Seven students from Virginia Theological Seminary will participate in a mission exposure trip to the dioceses of Hpa'an and Toungoo in the Province of Myanmar, which was hit by the recent Indian Ocean tsunami. They will be led by the Rev. Kitty Babson, a DFMS intermittent missionary and an adjunct lecturer at Virginia, who has led several such journeys.

Three students from Sewanee will work with people recovering from addictions in a variety of settings in Romania. That journey will be led by Prof. Robert Hughes, who has led similar trips.
 
Reflecting the growing emphasis on Hispanic ministry in Episcopal seminaries, Prof. Lizette Larson-Miller of Church Divinity School of the Pacific and Prof. Paul Barton of the Seminary of the Southwest will undertake intensive Spanish immersion courses in Mexico.

Sixty percent of the grantees will go to African countries –- Kenya, Tanzania, South Africa, and Uganda –- eight will be in the Asian countries of Myanmar and Pakistan. Eighteen are men, and 14 are women. Grantees also come from the General Theological Seminary in New York and Trinity Episcopal School for Ministry in Ambridge, Pennsylvania. 

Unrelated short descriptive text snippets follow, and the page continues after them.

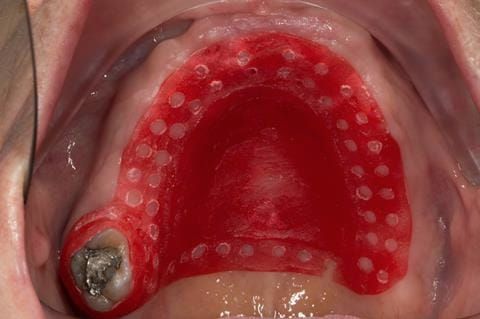 Figure 22. Visit 2 Mock up of cobalt chromium base in pattern resin to try in so that patient can assess where there will be visible metal in final denture.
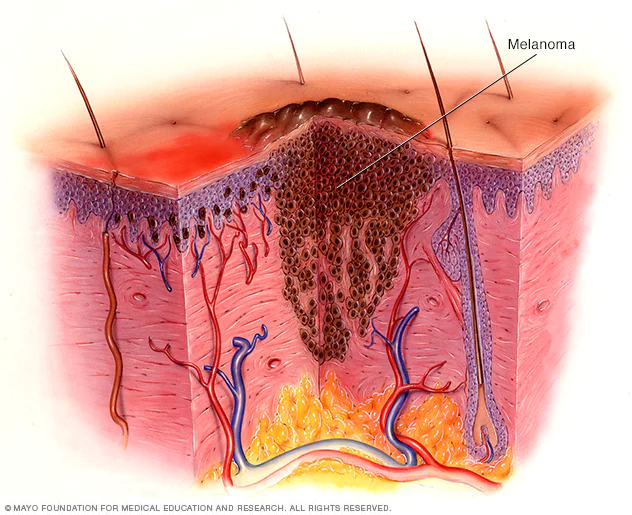 Melanoma skin cancer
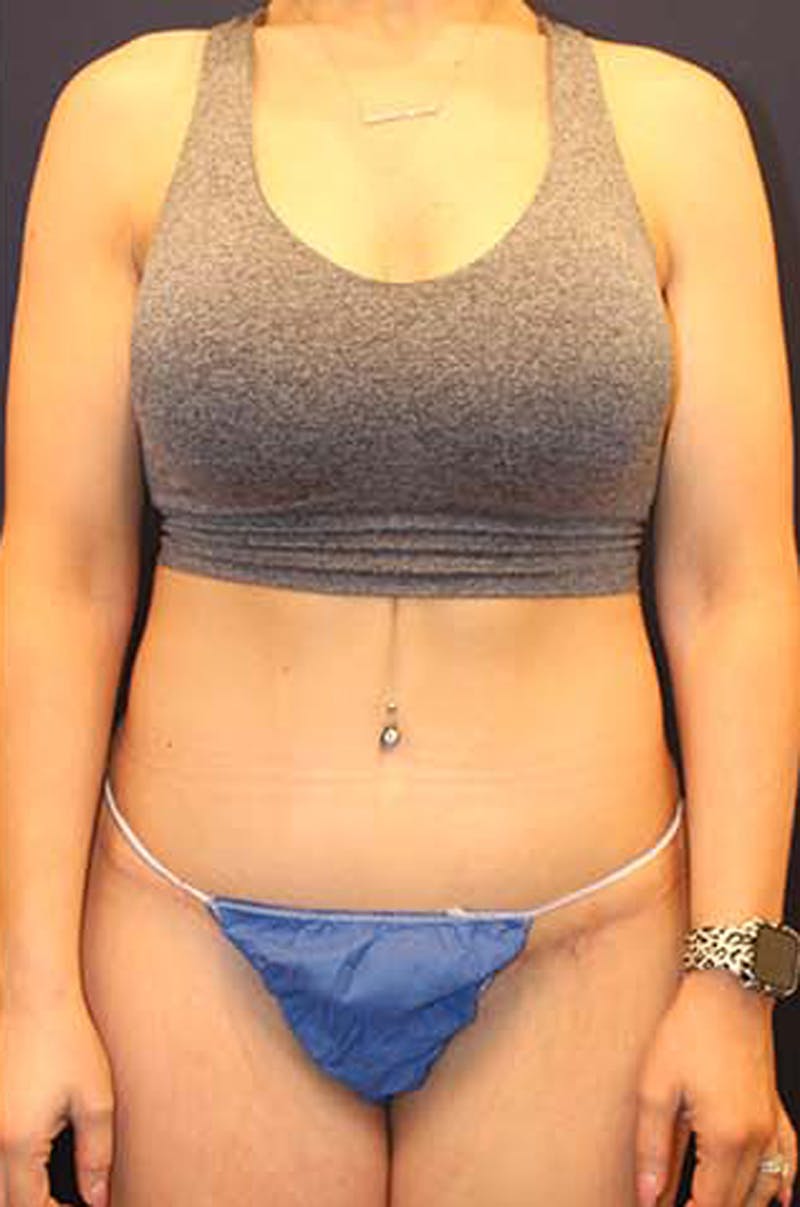 Tummy Tuck Before & After Gallery - Patient 174163240 - Image 2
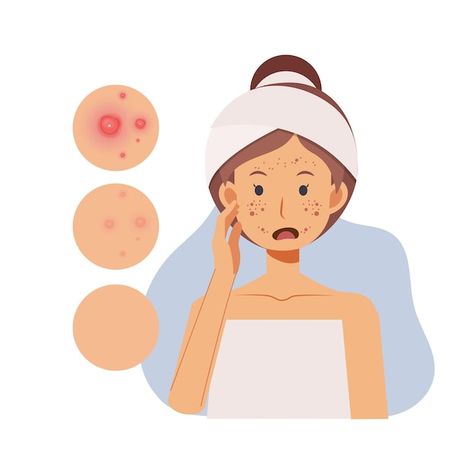 Problem skin concept. woman with pimples... | Premium Vector #Freepik #vector #acne-skin #acne-face #skin-problem #pimple Acne Animation, Skin Problems Face, Acne Drawing, Acne Illustration, Skin Illustration, Back Pimples, Cartoon Character Illustration, Problem Skin, Acne Face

"As we rejoice in the grants we were able to make, we regret that 14 grant applicants did not receive funding," said Presler, dean of the Seminary of the Southwest. "Generally we were able to make grants at only 66% of an applicant's request." SCOM had about $61,000 to grant this year, but requests totaled about $143,500. Funds come from an endowment established by the Council of Episcopal Seminary Deans through a grant from Venture in Mission, the church-wide capital campaign of the 1980s. The council appoints a committee to make the grants annually.

The 2003 General Convention urged seminaries to include cross-cultural learning for all students, and the Standing Commission on World Mission's vision statement, "Companions in Transformation," calls on General Convention to provide more funding for cross-cultural seminarian internships.